═════ Supplied data ═════
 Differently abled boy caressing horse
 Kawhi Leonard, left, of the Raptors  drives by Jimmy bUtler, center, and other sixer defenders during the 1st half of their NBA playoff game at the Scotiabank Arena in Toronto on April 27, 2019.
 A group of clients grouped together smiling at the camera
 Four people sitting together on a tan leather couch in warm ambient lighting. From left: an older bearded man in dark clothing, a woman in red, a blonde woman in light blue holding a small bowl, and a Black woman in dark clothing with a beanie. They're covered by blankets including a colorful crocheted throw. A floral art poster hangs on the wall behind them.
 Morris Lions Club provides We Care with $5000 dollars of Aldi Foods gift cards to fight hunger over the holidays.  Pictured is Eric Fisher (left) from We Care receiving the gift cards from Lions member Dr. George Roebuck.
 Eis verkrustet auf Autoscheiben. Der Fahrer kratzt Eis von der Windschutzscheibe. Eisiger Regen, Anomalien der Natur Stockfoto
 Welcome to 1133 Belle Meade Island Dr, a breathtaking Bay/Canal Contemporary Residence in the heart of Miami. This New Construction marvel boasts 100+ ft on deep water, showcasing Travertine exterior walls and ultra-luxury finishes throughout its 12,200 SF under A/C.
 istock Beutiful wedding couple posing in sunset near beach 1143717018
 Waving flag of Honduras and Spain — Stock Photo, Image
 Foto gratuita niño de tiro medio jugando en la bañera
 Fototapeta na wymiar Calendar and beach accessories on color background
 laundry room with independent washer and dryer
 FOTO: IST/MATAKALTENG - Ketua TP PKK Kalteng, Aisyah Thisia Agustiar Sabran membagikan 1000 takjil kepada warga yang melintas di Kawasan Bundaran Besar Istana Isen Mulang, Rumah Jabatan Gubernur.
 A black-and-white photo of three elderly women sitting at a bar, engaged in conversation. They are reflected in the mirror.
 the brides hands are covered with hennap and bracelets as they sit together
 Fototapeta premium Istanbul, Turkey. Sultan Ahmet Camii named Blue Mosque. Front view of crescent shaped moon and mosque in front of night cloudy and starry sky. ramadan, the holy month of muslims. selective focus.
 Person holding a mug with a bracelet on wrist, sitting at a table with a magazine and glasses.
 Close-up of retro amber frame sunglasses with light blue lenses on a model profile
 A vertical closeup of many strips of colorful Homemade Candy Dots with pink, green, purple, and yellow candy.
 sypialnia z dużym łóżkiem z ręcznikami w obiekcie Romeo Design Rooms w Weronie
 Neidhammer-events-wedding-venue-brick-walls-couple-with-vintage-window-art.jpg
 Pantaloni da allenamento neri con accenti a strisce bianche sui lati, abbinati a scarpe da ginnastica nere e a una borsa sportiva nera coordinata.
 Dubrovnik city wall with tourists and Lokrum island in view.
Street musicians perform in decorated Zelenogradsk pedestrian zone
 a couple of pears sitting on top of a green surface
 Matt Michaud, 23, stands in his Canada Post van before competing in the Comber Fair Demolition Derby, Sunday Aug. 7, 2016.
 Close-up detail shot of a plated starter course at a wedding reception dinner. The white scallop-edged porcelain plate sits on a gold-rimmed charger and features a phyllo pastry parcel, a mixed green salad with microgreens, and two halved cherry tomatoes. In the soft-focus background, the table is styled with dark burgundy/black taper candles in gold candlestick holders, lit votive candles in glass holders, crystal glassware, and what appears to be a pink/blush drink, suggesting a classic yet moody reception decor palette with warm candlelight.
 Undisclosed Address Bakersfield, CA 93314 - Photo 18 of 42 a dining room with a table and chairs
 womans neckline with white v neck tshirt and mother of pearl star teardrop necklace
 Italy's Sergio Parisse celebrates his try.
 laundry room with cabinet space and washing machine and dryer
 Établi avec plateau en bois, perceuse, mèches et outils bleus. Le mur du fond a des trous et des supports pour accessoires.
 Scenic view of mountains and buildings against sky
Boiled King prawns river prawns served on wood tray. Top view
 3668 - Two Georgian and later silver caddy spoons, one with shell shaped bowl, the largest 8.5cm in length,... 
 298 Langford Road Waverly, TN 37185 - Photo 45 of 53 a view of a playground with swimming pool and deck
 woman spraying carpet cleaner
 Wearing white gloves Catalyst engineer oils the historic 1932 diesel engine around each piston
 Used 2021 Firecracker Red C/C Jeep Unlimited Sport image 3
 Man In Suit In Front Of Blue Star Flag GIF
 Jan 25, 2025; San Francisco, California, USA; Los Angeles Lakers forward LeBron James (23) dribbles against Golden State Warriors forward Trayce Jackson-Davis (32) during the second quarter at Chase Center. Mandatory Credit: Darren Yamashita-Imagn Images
═════
Aim of the task:
The whole listing above needs to be transcribed exactly.

Answer below:
 Differently abled boy caressing horse
 Kawhi Leonard, left, of the Raptors  drives by Jimmy bUtler, center, and other sixer defenders during the 1st half of their NBA playoff game at the Scotiabank Arena in Toronto on April 27, 2019.
 A group of clients grouped together smiling at the camera
 Four people sitting together on a tan leather couch in warm ambient lighting. From left: an older bearded man in dark clothing, a woman in red, a blonde woman in light blue holding a small bowl, and a Black woman in dark clothing with a beanie. They're covered by blankets including a colorful crocheted throw. A floral art poster hangs on the wall behind them.
 Morris Lions Club provides We Care with $5000 dollars of Aldi Foods gift cards to fight hunger over the holidays.  Pictured is Eric Fisher (left) from We Care receiving the gift cards from Lions member Dr. George Roebuck.
 Eis verkrustet auf Autoscheiben. Der Fahrer kratzt Eis von der Windschutzscheibe. Eisiger Regen, Anomalien der Natur Stockfoto
 Welcome to 1133 Belle Meade Island Dr, a breathtaking Bay/Canal Contemporary Residence in the heart of Miami. This New Construction marvel boasts 100+ ft on deep water, showcasing Travertine exterior walls and ultra-luxury finishes throughout its 12,200 SF under A/C.
 istock Beutiful wedding couple posing in sunset near beach 1143717018
 Waving flag of Honduras and Spain — Stock Photo, Image
 Foto gratuita niño de tiro medio jugando en la bañera
 Fototapeta na wymiar Calendar and beach accessories on color background
 laundry room with independent washer and dryer
 FOTO: IST/MATAKALTENG - Ketua TP PKK Kalteng, Aisyah Thisia Agustiar Sabran membagikan 1000 takjil kepada warga yang melintas di Kawasan Bundaran Besar Istana Isen Mulang, Rumah Jabatan Gubernur.
 A black-and-white photo of three elderly women sitting at a bar, engaged in conversation. They are reflected in the mirror.
 the brides hands are covered with hennap and bracelets as they sit together
 Fototapeta premium Istanbul, Turkey. Sultan Ahmet Camii named Blue Mosque. Front view of crescent shaped moon and mosque in front of night cloudy and starry sky. ramadan, the holy month of muslims. selective focus.
 Person holding a mug with a bracelet on wrist, sitting at a table with a magazine and glasses.
 Close-up of retro amber frame sunglasses with light blue lenses on a model profile
 A vertical closeup of many strips of colorful Homemade Candy Dots with pink, green, purple, and yellow candy.
 sypialnia z dużym łóżkiem z ręcznikami w obiekcie Romeo Design Rooms w Weronie
 Neidhammer-events-wedding-venue-brick-walls-couple-with-vintage-window-art.jpg
 Pantaloni da allenamento neri con accenti a strisce bianche sui lati, abbinati a scarpe da ginnastica nere e a una borsa sportiva nera coordinata.
 Dubrovnik city wall with tourists and Lokrum island in view.
Street musicians perform in decorated Zelenogradsk pedestrian zone
 a couple of pears sitting on top of a green surface
 Matt Michaud, 23, stands in his Canada Post van before competing in the Comber Fair Demolition Derby, Sunday Aug. 7, 2016.
 Close-up detail shot of a plated starter course at a wedding reception dinner. The white scallop-edged porcelain plate sits on a gold-rimmed charger and features a phyllo pastry parcel, a mixed green salad with microgreens, and two halved cherry tomatoes. In the soft-focus background, the table is styled with dark burgundy/black taper candles in gold candlestick holders, lit votive candles in glass holders, crystal glassware, and what appears to be a pink/blush drink, suggesting a classic yet moody reception decor palette with warm candlelight.
 Undisclosed Address Bakersfield, CA 93314 - Photo 18 of 42 a dining room with a table and chairs
 womans neckline with white v neck tshirt and mother of pearl star teardrop necklace
 Italy's Sergio Parisse celebrates his try.
 laundry room with cabinet space and washing machine and dryer
 Établi avec plateau en bois, perceuse, mèches et outils bleus. Le mur du fond a des trous et des supports pour accessoires.
 Scenic view of mountains and buildings against sky
Boiled King prawns river prawns served on wood tray. Top view
 3668 - Two Georgian and later silver caddy spoons, one with shell shaped bowl, the largest 8.5cm in length,... 
 298 Langford Road Waverly, TN 37185 - Photo 45 of 53 a view of a playground with swimming pool and deck
 woman spraying carpet cleaner
 Wearing white gloves Catalyst engineer oils the historic 1932 diesel engine around each piston
 Used 2021 Firecracker Red C/C Jeep Unlimited Sport image 3
 Man In Suit In Front Of Blue Star Flag GIF
 Jan 25, 2025; San Francisco, California, USA; Los Angeles Lakers forward LeBron James (23) dribbles against Golden State Warriors forward Trayce Jackson-Davis (32) during the second quarter at Chase Center. Mandatory Credit: Darren Yamashita-Imagn Images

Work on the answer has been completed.